Ian G wrote:
> 2.  In general, such a group will reject any proposal that appears to
> favour one member against another;  but they will accept any proposal
> that requires the same amount of additional work, and increases the
> power of the group.  In other words, rejection of internal competition,
> promotion of joint franchise power.

Not necessarily. For example, EV could have been said to favour larger
CAs (who are able to offer a global service), and CAs which already had
the infrastructure in place for doing detailed identity vetting.
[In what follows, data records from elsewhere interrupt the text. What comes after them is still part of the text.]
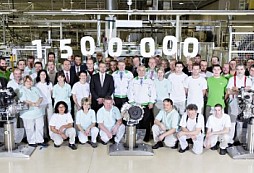 Record: ŠKODA produces 1.5 million engines and gearboxes in 2014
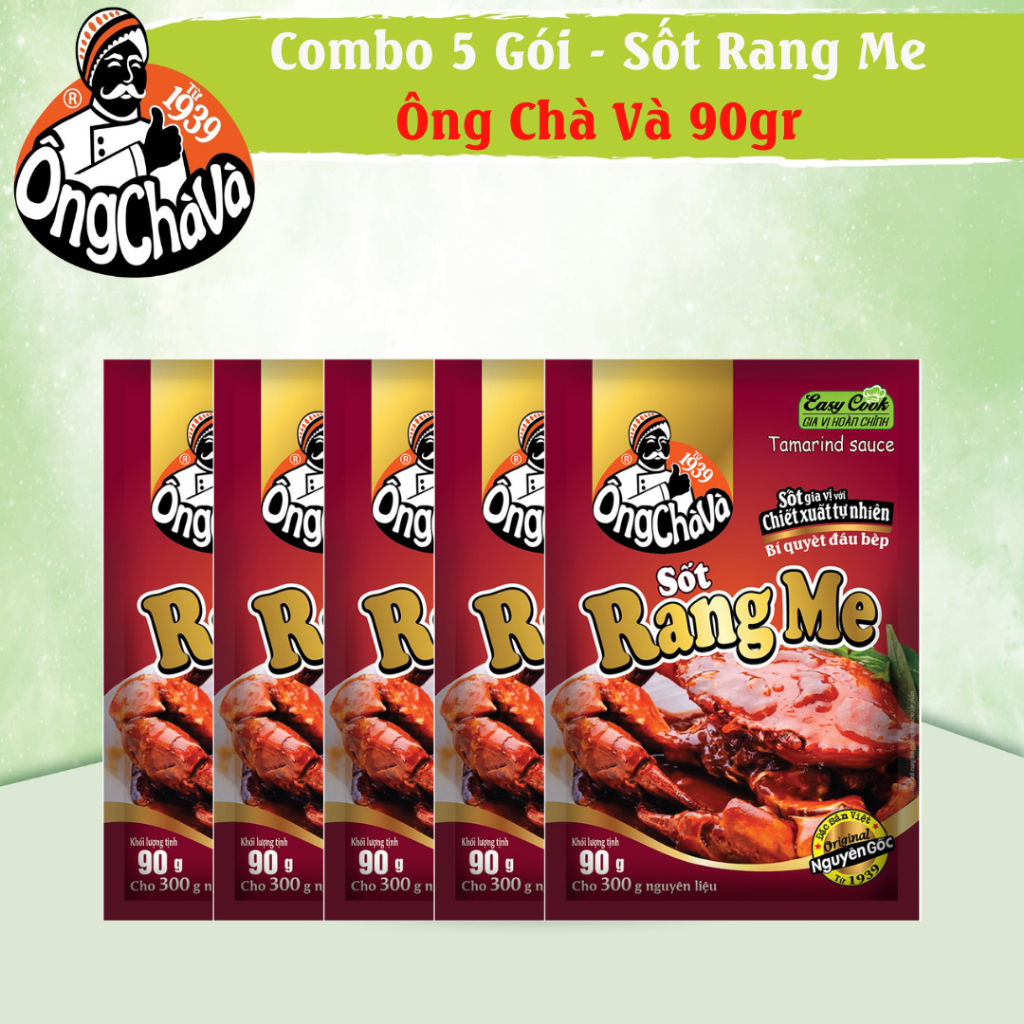 Combo 5 Gói Sốt Rang Me Ông Chà Và 90g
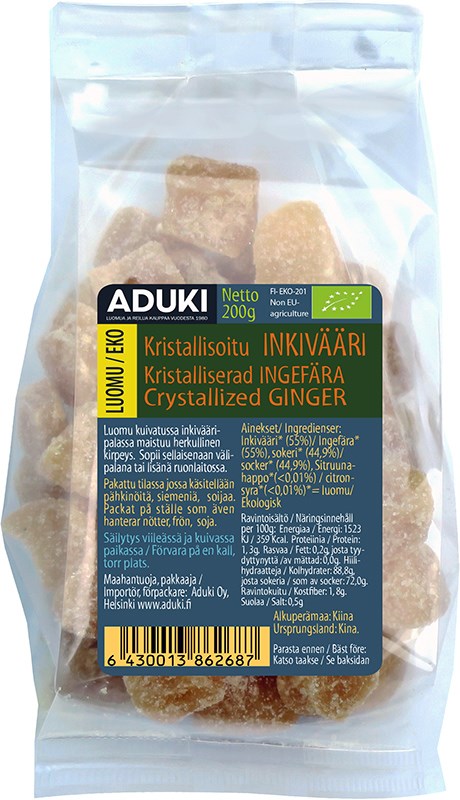 Inkivääripala sokeroitu (L) 200g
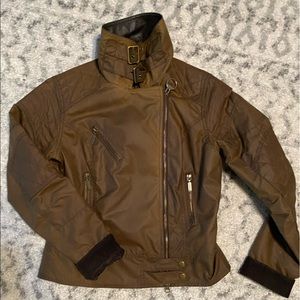 Barbour Waxed Moto Jacket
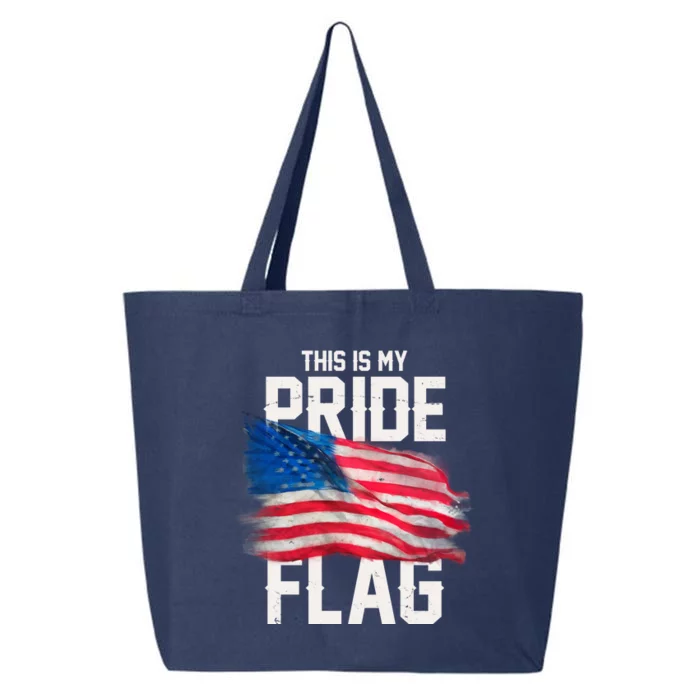 This Is My Pride Flag United States Patriot Flag 25L Jumbo Tote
Yet it
was approved.

> Instead they need to find a strategy that provides for joint and
> individual benefit, in exchange for the work.  Commonly, this is (a)
> create a brand, (b) sell the brand, (c) compete against other brands,
> and (d) deny the brand to non-members.  This achieves both group benefit
> and individual membership.

Well, if you are seeing EV as a brand, then in this case there aren't
really other brands to compete against, and they can't deny the brand to
non-members, because anyone can take the audits and anyway, EV status is
in the gift of the browser manufacturers, not the forum.

> 4.  What is notable about the above is that at no time or place is the
> user or purchaser necessarily brought into the basic structural
> economics.  This is why (the theory predicts that) such associations
> deliver so little to the *user* in comparison to the relatively large
> benefit to the incumbents;  the economics doesn't require it, and in
> fact the economics fights against it, because to share any bounty with
> the users adds more complications for the model.  Of course.  Hence,
> marketing is a strong component of all such associations, because there
> is a strong need for perception.

Except that the CAB Forum does no marketing.
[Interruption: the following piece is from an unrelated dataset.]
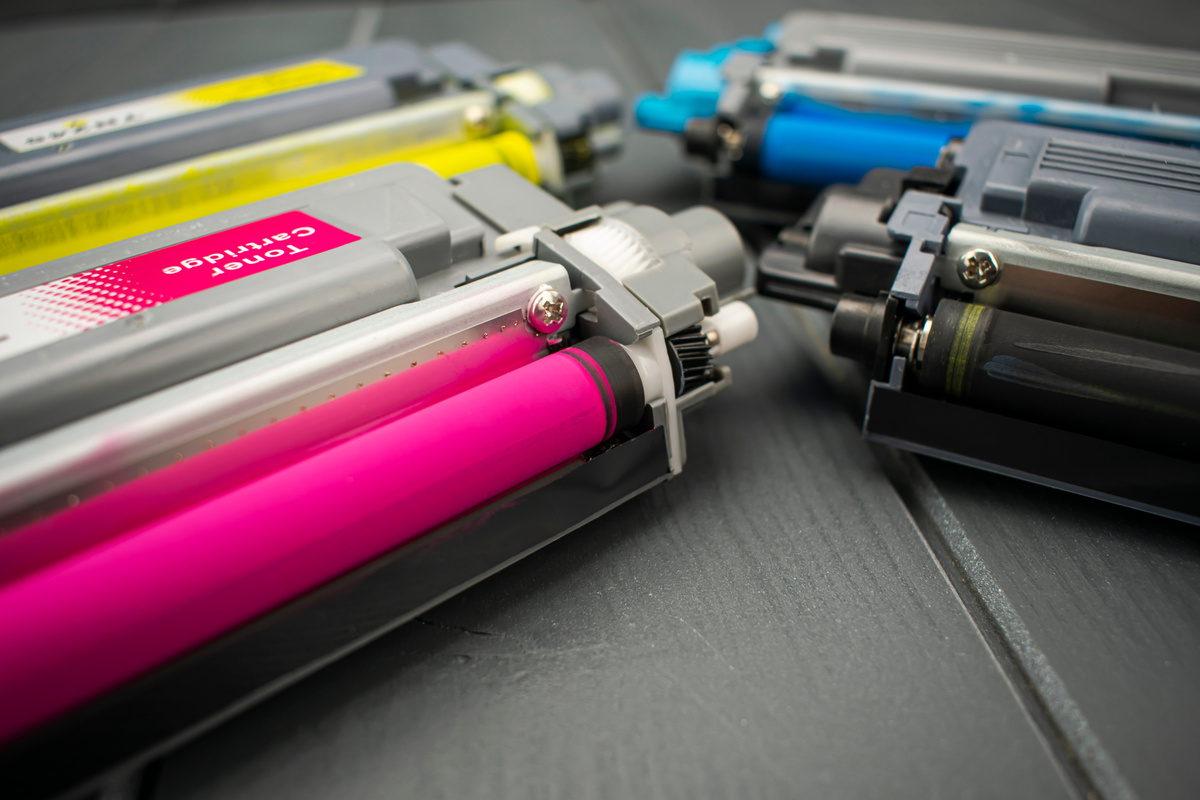 Four color toner cartridge of a color laser printer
> 10.  I speak as an interested party of course.  My biases are all the
> more poignant because the CABForum and its members and criteria directly
> and explicitly rule out the activities of myself as an auditor and the
> CA I audit.  C.f., to join CABForum, you must have a WebTrust audit;  

Not so; there is a list of acceptable audit criteria. It includes ETSI.

But, having commented on those errors of fact, I can't quite see what
you are saying apart from "industry standards bodies are bad". Is that it?